The Tax Court of Canada recently released its decision in Hansen v. The Queen, 2020 TCC 102, the latest in a quickly growing body of caselaw dealing with “house flips”. The case dealt with a taxpayer, Mr. Hansen, who had sold five properties in six years, between 2007 and 2012. Mr. Hansen had claimed the principal residence exemption in respect of all five sales. The Tax Court’s decision is particularly interesting because it illustrates the different burdens of proof on the Canada Revenue Agency (the “CRA”) for justifying reassessments of “statute-barred years” and gross negligence penalties in the context of house flips.
As additional background, Mr. Hansen and his family lived in each of the five properties for under a year. Mr. Hansen testified that he made improvements to each home to suit his family and that in each case, they had compelling reasons to sell and move on to the next home. Perhaps most importantly, Mr. Hansen also testified that he informed his accountant of all the property transactions, including his intentions for each property and the reasons for sale, and that the accountant advised the principal residence exemption applied. His accountant corroborated his testimony at trial.
In this case, three of the five property sales occurred between 2007–2010, and these years were outside the “normal reassessment period”, as defined by subsection 152(3.1) of the Income Tax Act (Canada) (the “Act”)—commonly known as statute-barred years. In order to reassess a statute-barred year, the CRA must prove that (1) the taxpayer made a misrepresentation in his or her tax return; and (2) this misrepresentation was attributable to neglect, carelessness, wilful default, or fraud.
The Tax Court cited longstanding caselaw that there is no negligent misrepresentation where, at the time of filing the return, the taxpayer carefully considered his or her position and filed on a basis that he or she believed, in good faith, to be correct. This is the case even if the CRA disagrees with the taxpayer’s position, and even if the taxpayer’s position is ultimately found to be incorrect by the Tax Court.
Here, the Tax Court found that Mr. Hansen had carefully assessed his situation and filed his returns based on a reasonable and honest belief that he was entitled to claim the principal residence exemption. The Tax Court emphasized the involvement of Mr. Hansen’s accountant as strong evidence that Mr. Hansen took the necessary steps to file his tax returns on a reasonable basis. As a result, the Tax Court held that the CRA was not entitled to reassess Mr. Hansen for the statute-barred years, and overturned those reassessments.
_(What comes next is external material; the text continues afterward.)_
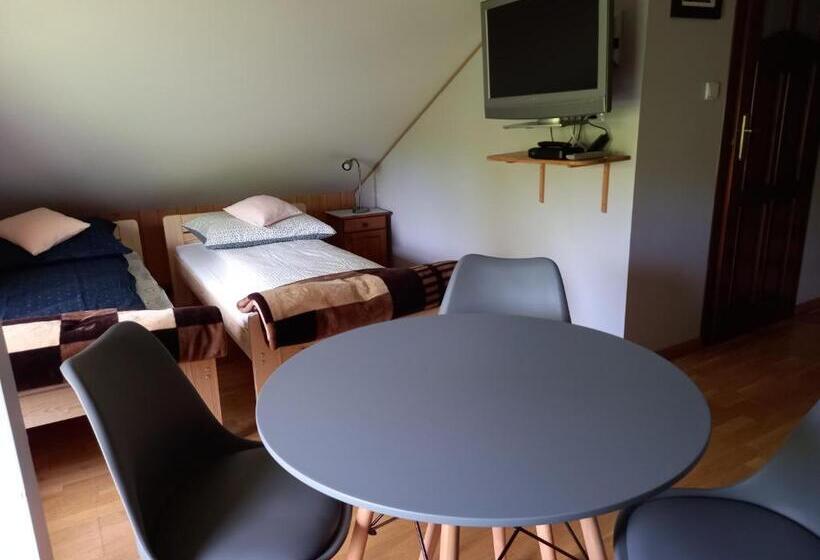 غرفة كلاسيكية رباعية, Dębowa Dziupla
Gross Negligence Penalties
The Tax Court upheld the CRA’s recharacterization of the sales of Mr. Hansen’s properties in 2011 and 2012 (which were not statute-barred) from capital gains to business income. That determination largely depended on the circumstances surrounding those sales—the two homes were always intended to be temporary stays because the Hansens had purchased another lot and were waiting to build a new home there.
The Tax Court then considered whether to uphold the gross negligence penalties the CRA imposed on these two sales. Under subsection 163(2) of the Act, gross negligence penalties apply when a taxpayer knowingly, or under circumstances amounting to gross negligence, has made a false statement or omission in his or her tax return.
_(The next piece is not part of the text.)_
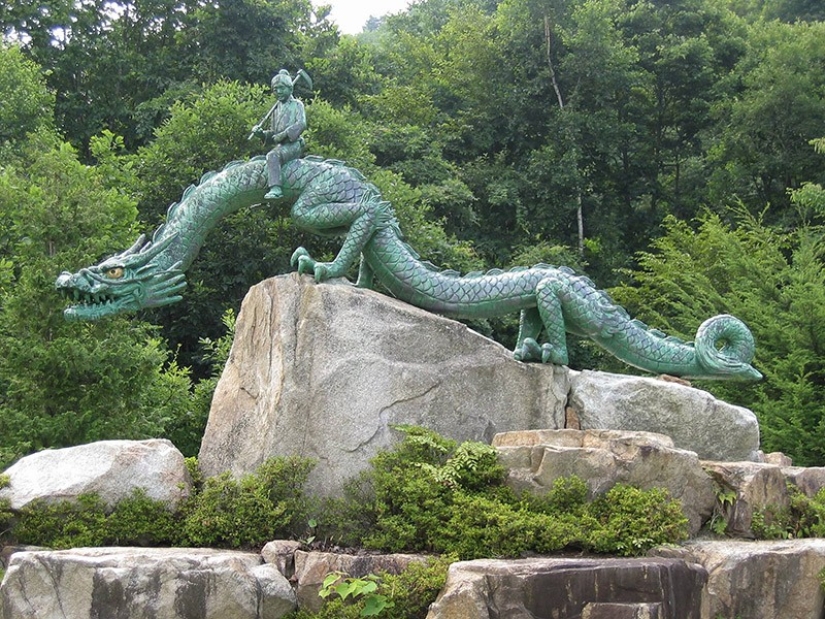 Scary myths and legends on water Scary myths and legends on water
The Tax Court emphasized that “gross negligence” implies a high level of misconduct, and found that Mr. Hansen’s conduct was, to the contrary, that of a reasonable person. Once again, Mr. Hansen’s reliance on his accountant was key. The Tax Court gave weight to the evidence that Mr. Hansen had provided his accountant with all the necessary information prior to the accountant advising that the principal residence exemption applied. The Tax Court therefore overturned the gross negligence penalties.
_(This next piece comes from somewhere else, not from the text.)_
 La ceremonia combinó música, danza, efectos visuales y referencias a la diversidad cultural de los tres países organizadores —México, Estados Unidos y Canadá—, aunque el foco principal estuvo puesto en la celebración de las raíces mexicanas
The key takeaways from this decision are:
- In recharacterizing the proceeds of property sales from capital gains to business income, the CRA will often point only to the number of sales and the length of time the property was held, but these are not the only factors. In this case, with five sales in six years, the taxpayer was still able to achieve significant success.
- There is significant scope for a taxpayer to succeed on statute-barred years and gross negligence penalties even if the taxpayer fails on the characterization of the property sale. These issues should always be carefully considered in any case involving a relatively short timeframe between purchase and sale of a house.
- Reliance on an accountant in filing tax returns can carry significant weight in this type of case. Taxpayers should provide their accountant or other tax advisor with all relevant information regarding real estate transactions prior to completing their tax returns, and consider doing so in writing (or at least retaining notes from meetings or calls) for evidentiary purposes. Calling those advisors to testify at trial and provide supportive testimony, if necessary, could also be critical.